HDL Code Restructuring Using Timed Decision Tables

Jian Li
Department of Computer Science
University of Illinois at Urbana-Champaign
Urbana, Illinois 61801

Rajesh K. Gupta
Information & Computer Science
University of California, Irvine
Irvine, CA 92697

http://www.ics.uci.edu/~iesag

Abstract

Behavioral HDL descriptions from designers are structured in a program calling hierarchy for the purposes of programming convenience and conceptualization. This code structure is often not suitable for direct synthesis into digital hardware. For instance, information regarding operation exclusivity and resource sharing can be explored by restructuring the code. In this paper, we present a method to restructure behavioral HDL code using merging and decomposition of Timed Decision Tables (TDTs).

1 Introduction

With the maturity of synthesis tools at various levels of design abstractions, hardware design is getting closer to software programming [1]. As in programming, designers often use language level structures such as subprograms (functions/procedure calls) to organize the HDL descriptions. This structure in HDL descriptions is useful for programming convenience and design conceptualization. However, the subprogram calling hierarchy most suitable for design development and design comprehension is not always suitable for synthesis. In this paper, we propose a method to change the subprogram hierarchy in designer-specified HDL descriptions into one that is more suitable for synthesis. The method is implemented using a tabular model called Timed Decision Tables (TDTs). We first use TDT merging to flatten subprogram calling hierarchy. Then we use TDT decomposition to re-build a calling hierarchy under cost matrices related to operation/subprogram size and calling frequency.

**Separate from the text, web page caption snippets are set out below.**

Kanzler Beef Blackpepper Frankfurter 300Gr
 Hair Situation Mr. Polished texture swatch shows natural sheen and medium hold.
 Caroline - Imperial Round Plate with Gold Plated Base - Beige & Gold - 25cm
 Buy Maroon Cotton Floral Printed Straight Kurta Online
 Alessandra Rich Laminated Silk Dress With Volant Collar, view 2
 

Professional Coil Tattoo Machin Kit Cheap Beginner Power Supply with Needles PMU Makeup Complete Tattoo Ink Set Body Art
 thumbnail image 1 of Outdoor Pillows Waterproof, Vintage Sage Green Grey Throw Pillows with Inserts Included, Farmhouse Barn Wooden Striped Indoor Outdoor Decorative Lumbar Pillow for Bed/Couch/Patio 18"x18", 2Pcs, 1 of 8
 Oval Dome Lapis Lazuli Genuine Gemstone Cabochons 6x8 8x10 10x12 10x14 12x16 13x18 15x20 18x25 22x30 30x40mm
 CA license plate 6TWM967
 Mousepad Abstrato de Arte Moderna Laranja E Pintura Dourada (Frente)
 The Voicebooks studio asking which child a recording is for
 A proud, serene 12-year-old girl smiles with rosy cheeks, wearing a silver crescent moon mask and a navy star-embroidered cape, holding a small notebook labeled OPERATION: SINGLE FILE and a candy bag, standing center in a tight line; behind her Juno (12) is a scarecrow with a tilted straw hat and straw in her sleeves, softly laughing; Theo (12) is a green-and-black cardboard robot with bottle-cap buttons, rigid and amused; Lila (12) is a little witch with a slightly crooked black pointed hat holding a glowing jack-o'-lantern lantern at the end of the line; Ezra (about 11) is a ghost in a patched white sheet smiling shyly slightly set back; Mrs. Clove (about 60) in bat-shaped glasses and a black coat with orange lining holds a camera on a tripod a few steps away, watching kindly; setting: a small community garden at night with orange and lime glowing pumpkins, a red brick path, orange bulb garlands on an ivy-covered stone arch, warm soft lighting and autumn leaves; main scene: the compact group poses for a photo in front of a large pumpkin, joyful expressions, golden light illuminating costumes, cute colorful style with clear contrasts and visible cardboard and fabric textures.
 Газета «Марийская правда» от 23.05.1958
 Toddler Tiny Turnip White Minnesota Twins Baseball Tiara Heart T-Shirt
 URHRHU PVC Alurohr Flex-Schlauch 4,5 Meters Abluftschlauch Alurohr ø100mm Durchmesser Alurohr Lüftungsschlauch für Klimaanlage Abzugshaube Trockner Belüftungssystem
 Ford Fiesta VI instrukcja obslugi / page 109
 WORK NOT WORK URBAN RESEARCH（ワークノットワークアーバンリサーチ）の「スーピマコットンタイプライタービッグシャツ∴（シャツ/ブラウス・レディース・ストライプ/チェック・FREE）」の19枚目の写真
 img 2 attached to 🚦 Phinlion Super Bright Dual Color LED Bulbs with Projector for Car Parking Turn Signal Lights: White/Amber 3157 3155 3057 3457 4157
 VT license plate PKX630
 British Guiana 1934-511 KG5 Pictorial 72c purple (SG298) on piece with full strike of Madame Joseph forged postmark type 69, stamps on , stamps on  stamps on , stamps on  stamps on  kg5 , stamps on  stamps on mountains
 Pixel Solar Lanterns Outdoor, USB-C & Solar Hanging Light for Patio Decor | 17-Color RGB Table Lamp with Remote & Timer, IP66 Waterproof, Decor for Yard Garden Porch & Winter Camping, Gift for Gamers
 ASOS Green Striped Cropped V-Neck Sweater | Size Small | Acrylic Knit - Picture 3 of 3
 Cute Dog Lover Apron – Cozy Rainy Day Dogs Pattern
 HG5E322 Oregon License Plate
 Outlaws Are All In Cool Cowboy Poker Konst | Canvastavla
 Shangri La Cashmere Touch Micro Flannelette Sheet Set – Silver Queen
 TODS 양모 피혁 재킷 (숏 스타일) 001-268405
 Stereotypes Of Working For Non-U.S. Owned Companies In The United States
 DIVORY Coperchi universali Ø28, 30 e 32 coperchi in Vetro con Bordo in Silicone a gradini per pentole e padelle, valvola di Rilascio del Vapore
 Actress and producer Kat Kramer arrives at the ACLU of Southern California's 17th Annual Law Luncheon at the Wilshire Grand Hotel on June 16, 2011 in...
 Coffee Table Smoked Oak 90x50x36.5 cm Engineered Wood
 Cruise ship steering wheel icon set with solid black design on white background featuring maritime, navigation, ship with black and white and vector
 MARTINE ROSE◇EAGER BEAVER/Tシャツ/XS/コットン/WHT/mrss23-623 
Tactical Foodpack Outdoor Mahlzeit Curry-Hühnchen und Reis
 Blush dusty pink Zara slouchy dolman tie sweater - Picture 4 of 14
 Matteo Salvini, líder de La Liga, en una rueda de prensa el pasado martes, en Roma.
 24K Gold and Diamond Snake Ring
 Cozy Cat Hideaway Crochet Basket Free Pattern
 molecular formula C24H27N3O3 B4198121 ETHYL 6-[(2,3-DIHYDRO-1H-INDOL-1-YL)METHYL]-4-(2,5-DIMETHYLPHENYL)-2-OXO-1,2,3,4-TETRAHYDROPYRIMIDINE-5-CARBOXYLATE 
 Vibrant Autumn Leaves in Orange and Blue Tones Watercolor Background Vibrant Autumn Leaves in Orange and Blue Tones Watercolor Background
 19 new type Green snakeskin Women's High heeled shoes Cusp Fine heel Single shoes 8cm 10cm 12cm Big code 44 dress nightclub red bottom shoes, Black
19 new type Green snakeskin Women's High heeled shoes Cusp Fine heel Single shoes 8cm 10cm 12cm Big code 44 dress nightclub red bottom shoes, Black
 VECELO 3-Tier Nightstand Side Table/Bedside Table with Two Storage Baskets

Due to space limitation, we focus on use of TDT transformations rather than transformation algorithms. Specifically, we use TDT merging and decomposition transformations. We explain concepts of TDT modeling, TDT merging, and TDT decomposition using examples in HardwareC [2].

The rest of this paper is organized as follows. Section 2 introduces the TDT model and merging and decomposition transformations on TDTs. Section 3 demonstrates code restructuring using an example followed by a discussion of implementation and results.

2 Hierarchy Merging & Decomposition

In this section we first briefly introduce the TDT model before we present TDT merging and decomposition.

2.1 The TDT Model

The TDT representation models a hardware component with a set of three tables: a control table, a dependency table, and a delay table. The control table models the control-flow of input HDL description. It is organized in the form of decision tables [3, 4]. A decision table consists of four quadrants: condition stub, condition entries, action stub, and action entries. The condition stub list conditions which are condition checking in the conditional branches and conditional loops in the input HDL. The action stub list actions which are operations in the behavioral code. Condition entries and action entries are two matrices, each column of which forms a control path. The dependency table specifies information such as data-dependency, concurrency type [2], and serialization relation between each pair of operations. The delay table lists the execution delay associated with each action. More details of TDT can be found in [5].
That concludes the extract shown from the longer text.